Bernhardt regresó a Alemania hacia los años setenta. “Debió de gustarle Alemania porque ya no volvió a Argentina. Era un hombre sin problemas de dinero y vivía de las rentas”, señala Viñas. En su próximo libro Las armas y el oro (Pasado & Presente, septiembre 2013), el historiador relata cómo en 1943 Klaus Franke auditó las empresas de Bernhardt en España y descubrió que existían inversiones sospechosas que no redundaban en beneficio de Alemania. El empresario, para zafarse de él, denunció que Franke tenía contactos con agentes británicos y el auditor acabó en Berlín detenido. Salvó su vida por los pelos al terminar la guerra.

El 14 de febrero de 1980, el diario Abc publicó la esquela del hombre del abrigo y el sombrero. En la misma se recoge que falleció en Múnich.
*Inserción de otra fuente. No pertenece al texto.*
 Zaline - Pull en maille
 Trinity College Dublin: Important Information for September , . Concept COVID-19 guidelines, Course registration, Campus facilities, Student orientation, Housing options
Álvarez sostiene que el abismo genera extrañas amistades. Pero matiza que su buena relación con el nazi no le alejó del PSOE, donde milita desde hace más de 75 años. Insiste en que defendió el socialismo en su periplo argentino aunque sin mantener contacto con sus compañeros de filas en el extranjero. Con la reinstauración democrática refundó el PSOE en Dénia. Fue presidente y secretario general. Siempre rechazó cargos públicos. Dedicó sus esfuerzos a una cooperativa agraria que empleó a una decena de mujeres. No ha seguido la evolución de la Casa de los Alemanes, que fue adquirida en los cincuenta por Ramón Girona Busútil, según el archivo municipal. Su hijo declina dar detalles sobre la compraventa y reclama que no se relacione su nombre con el pasado nazi.

Entretanto, el viejo socialista apura su vida junto a su hermana, de 89 años. Ambos están solteros, “por ahora”. Y residen en una humilde casa, donde su padre fue arrestado hace más de siete décadas tras una guerra que ayudó a ganar el nazi afable del sombrero.